Sorular

İnsan nerede olursa olsun yaşamlar aynı değil midir? Sanatçının gözündeki coşku, hüzün, ümit, sevinç hepsi için ortak duygu değil midir? Aslında her insan için hayatlar benzer değil midir inişleri çıkışları olan.

Ceylan yavrusu ilk doğduğunda ayağa kalkar bir iki adım sonra düşer, tekrar kalkar o incecik cılız bacaklarının üzerine. Tekrar tekrar ayağa kalkmasa bu kadar hızlı koşabilir miydi? Hayat, ayağı takılıpta tekrar ayağa kalkanların mücadelesi değil mi?

İyiyle kötünün, haklıyla haksızın mücadelesi değil mi? Bölgesi, kültürü, yaşam tarzı, ırkı, davranışları farklı olsa da yaşanılanlar temelde aynı değil midir bakıldığında. Dürüst, adil ve insanca yaşamak için çekilen çileler değil midir? Dil, ırk farklı olsada bütün gaile aynı değil midir? Doğuştan verilen en temel hak; insan olma hakkı ile “İnsanca yaşamak”.

İdeallerin, düşüncelerin doğruların uğrunda mücadele etmek değil midir?

Her duygu bulaşıcıdır. Kötülük de bulaşıcıdır iyilikte. Belki iyiliğin, güzelliğin tohumları geç yeşerir sonuçları hemen görülmez ama er geç meyveleri alınır. Kötülüğün bu kadar göz önünde olmasının sebebi de bundandır belki. Nasıl bir meyvenin olgunlaşması için zamana ihtiyaç varsa, iyiliğinde olgunlaşıp yayılması için zamana ihtiyaç vardır.

Nasıl ki güneş her gün doğuyor yeni bir gün başlıyor, dün geride kalıyor. Yaşamda da yeni bir gün başlar doğan güneşle beraber, yeni ümitler yeni çabalamalar başlar. Nasıl ki ceylan koşmaya devam ediyorsa bu gün de, dünkü çaba, azim, inat ve ümidinin içgüdüsüyle başarmıştır dünü ve başaracaktır bugünü de yarını da.
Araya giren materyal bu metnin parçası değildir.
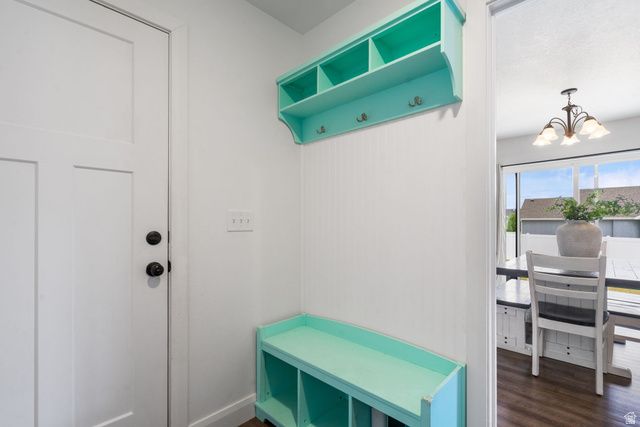 1002 S 130 E, Salem, UT 84653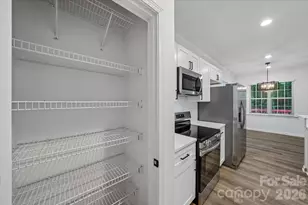 2622 Billings Park Dr, Charlotte, NC 28213 - Photo 13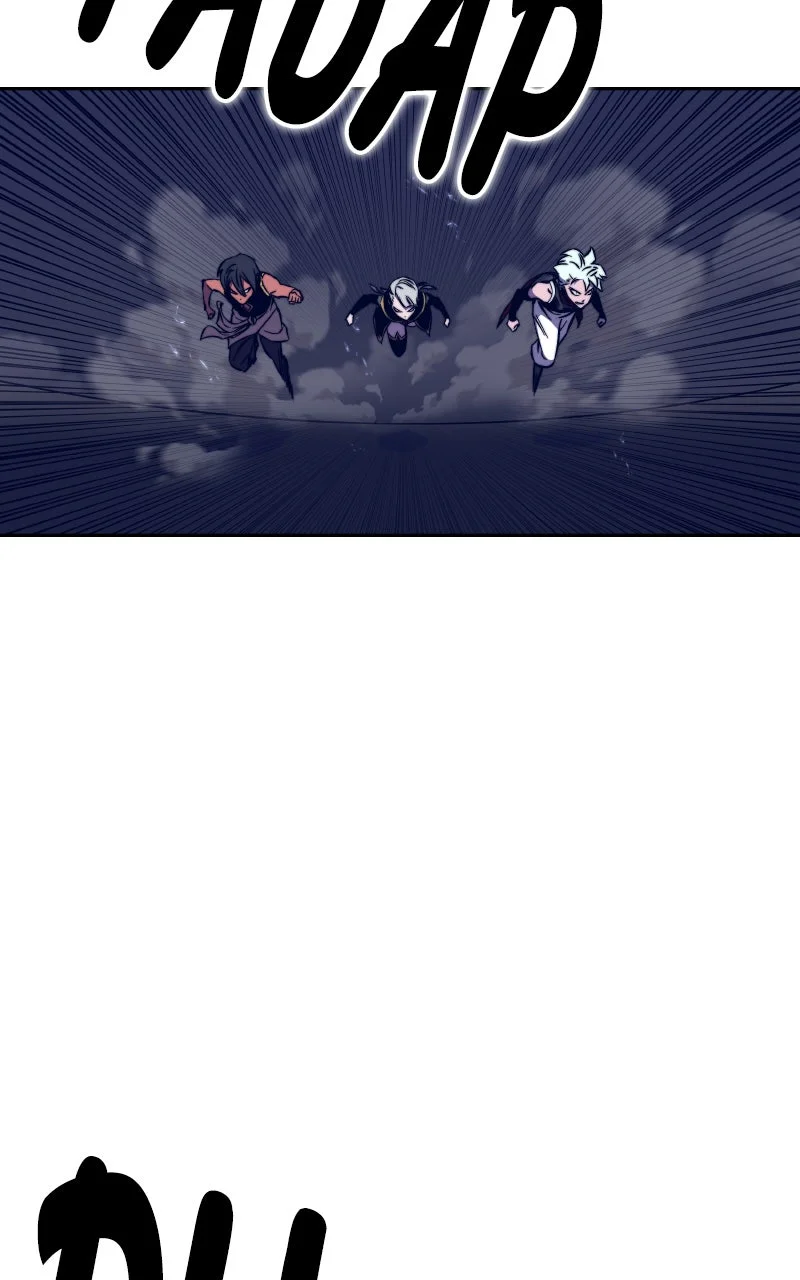 X & Ash Chapitre 39 - Page 88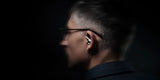 Meze Audio ASTRU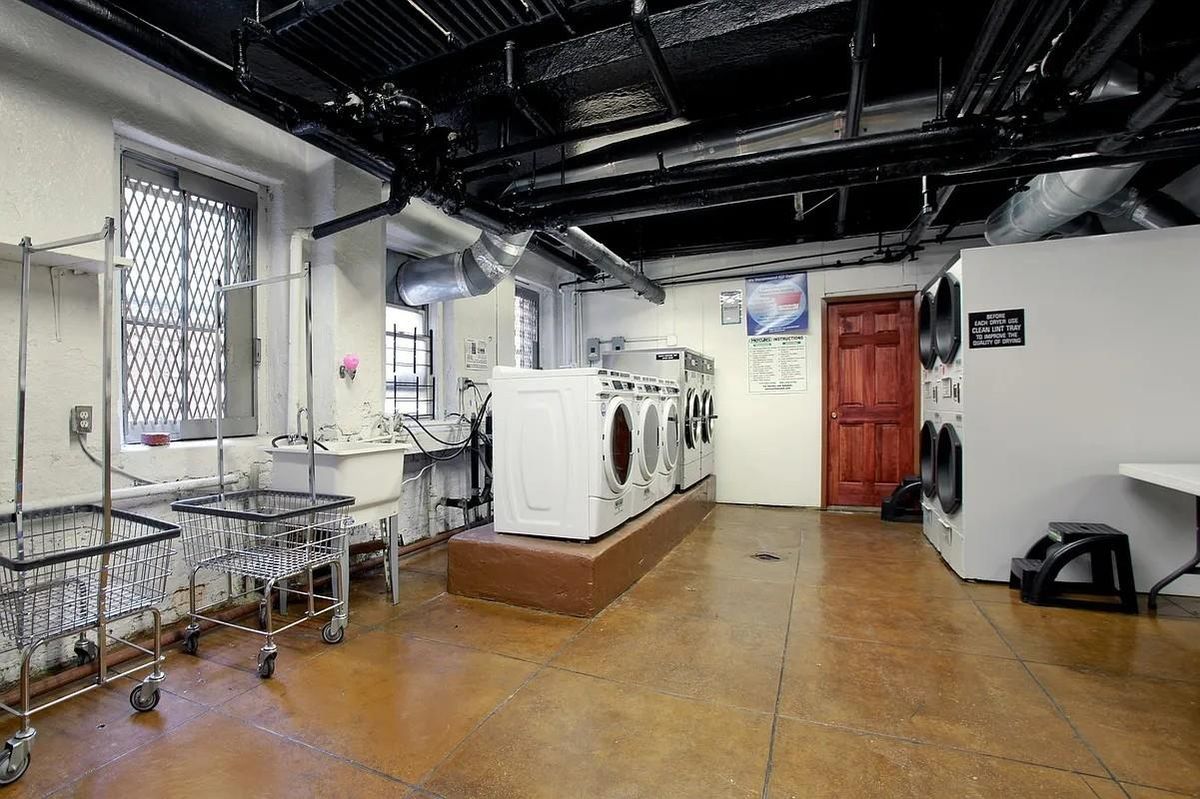 Photo for 416 Ocean Avenue - 416 Ocean Avenue Cooperative in Ditmas Park, Brooklyn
Bazen çamura saplanıp kalmıştır belki ama sonrasında oradan çıkmasını da bilmiştir. Sadece elinden gelenin en iyisini yapmıştır. Çabalamıştır azimle umudunu yitirmeden.

Hayat, her insan için kendi hayat çizgisinde inişleri, çıkışları olan bir yol değil midir?